Avrupa Yeşim Mutabakatı’nda yer verilen Sınırda Karbon Düzenleme Mekanizması ve Emisyon Ticaret Sistemi ile ilgili olarak Başkan Tekin, şunları söyledi: “Tekstil, hazır giyim ve konfeksiyon 2023’te sınırda karbon vergisi uygulanacak sektörler arasında yer almıyor. Büyük ihtimalle 2026 yılında listeye eklenebileceği öngörülüyor. Sınırda karbon vergisinin ton başına 30-50 avro olarak düzenleneceği var sayılıyor. Bu uygulamanın sektörümüze yıllık 150-190 milyon avro düzeyinde ek maliyet getirmesi söz konusu olacak. Avrupa Komisyonu, karbon ayak izi hesaplamalarında üretim öncesi, üretim ve tüketim süreçlerini bütüncül bir yaklaşımla ele alıyor. Dolayısıyla tekstil ham maddeleri üretimi sırasında yoğun enerji tüketilmesi, hazır giyim ve konfeksiyon sektörünü de etkileyecek. Bu çerçevede 2026 yılına kadar olan süreyi çok iyi değerlendirerek yaptırımlar devre alınmadan üretim altyapımızı belirlenen kriterlere uygun hale getirmemiz gerekiyor. Sektörümüzün karbon salımının ölçülmesi ve düzenli olarak raporlanması için güçlü bir sistem kurmamız bir tercih değil zorunluluk olarak öne çıkıyor. Yeni yatırımlarda Avrupa Yeşil Mutabakatı hedeflerini ve karbon salım oranlarını göz önünde bulundurmalı, modern teknolojiler kullanarak karbon salımını, enerji tüketimini ve atık miktarını azaltmalıyız. Üretim süreçlerinde sürdürülebilir ve geri dönüştürülebilir malzemelerin kullanımına yoğunlaşmalıyız. Üretim ve dağıtım süreçlerinde de yenilenebilir enerjiyi tercih etmeliyiz.”
‘Sektörel Kümelenme Projesi ile üyelerimizin rekabet gücü artacak’

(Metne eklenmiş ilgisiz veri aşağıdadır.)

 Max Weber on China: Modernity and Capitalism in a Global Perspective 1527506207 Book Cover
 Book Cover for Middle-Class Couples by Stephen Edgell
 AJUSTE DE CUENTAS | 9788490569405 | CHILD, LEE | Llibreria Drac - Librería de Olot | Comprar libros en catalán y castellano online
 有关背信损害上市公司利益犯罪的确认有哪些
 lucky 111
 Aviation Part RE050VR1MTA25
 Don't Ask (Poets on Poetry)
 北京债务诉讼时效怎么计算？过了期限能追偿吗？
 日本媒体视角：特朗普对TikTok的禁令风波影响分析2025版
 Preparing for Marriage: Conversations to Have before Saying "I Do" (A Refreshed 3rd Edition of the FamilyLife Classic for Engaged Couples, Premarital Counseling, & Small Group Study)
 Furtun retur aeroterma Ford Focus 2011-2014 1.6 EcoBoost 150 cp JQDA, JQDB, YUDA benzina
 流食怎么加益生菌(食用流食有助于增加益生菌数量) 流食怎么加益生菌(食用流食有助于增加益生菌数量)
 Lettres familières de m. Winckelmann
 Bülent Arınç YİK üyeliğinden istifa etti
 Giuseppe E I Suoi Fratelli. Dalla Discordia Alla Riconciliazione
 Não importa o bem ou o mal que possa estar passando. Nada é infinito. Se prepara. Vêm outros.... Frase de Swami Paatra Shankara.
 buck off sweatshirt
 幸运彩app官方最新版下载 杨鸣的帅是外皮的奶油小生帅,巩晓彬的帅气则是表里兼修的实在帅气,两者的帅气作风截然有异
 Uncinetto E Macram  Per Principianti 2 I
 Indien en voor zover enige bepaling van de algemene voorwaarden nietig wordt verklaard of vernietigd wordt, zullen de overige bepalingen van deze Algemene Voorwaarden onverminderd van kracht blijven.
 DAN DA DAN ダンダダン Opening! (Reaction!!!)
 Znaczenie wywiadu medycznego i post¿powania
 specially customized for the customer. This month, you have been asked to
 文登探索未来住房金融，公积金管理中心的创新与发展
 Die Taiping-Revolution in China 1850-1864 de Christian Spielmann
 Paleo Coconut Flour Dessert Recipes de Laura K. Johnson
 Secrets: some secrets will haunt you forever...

AHKİB’in gündemindeki bir başka konu başlığının rekabetçiliğin güçlendirilmesi olduğunu aktaran Başkan Gürkan Tekin, Ticaret Bakanlığı tarafından desteklenen ve Akdeniz İhracatçı Birlikleri (AKİB) koordinasyonunda hazır giyim ve konfeksiyon firmalarına yönelik Sektörel Kümelenme Projesi’ni de hayata geçirileceklerini açıkladı. Hazır giyim ve konfeksiyon firmalarının uluslararası pazarlarda rekabet güçlerinin artırılması ve sürdürülebilir ihracat hedeflerine ulaşması amacıyla başlattıkları projenin üç yıl süreyle devam edeceğini ve başvuruların 25 Ağustos tarihine kadar yapılabileceğini kaydeden Başkan Tekin, URGE projesi ile üye firmalara ihtiyaç analizinden eğitim ve danışmanlık faaliyetlerine, B2B görüşmelerinden uluslararası fuar ve iş gezilerine kadar geniş bir yelpazede destek vererek bölgenin ihracatını daha da artırmak için çalışacaklarını ifade etti.
AHKİB’in temmuz ayı ihracatına da değinen Başkan Tekin, söz konusu dönemde 58 bin 532 bin ton ürünü değerlendirerek 30 milyon dolarlık dış satım geliri elde ettiklerini açıkladı. En çok ihraç edilen ürünlerde bayan dış giyim, bay dış giyim ve diğer hazır eşyanın öne çıktığını ifade eden Başkan Tekin, temmuz ayında en fazla ihracatı İspanya, Hollanda ve Almanya’ya gerçekleştirdiklerini sözlerine ekledi.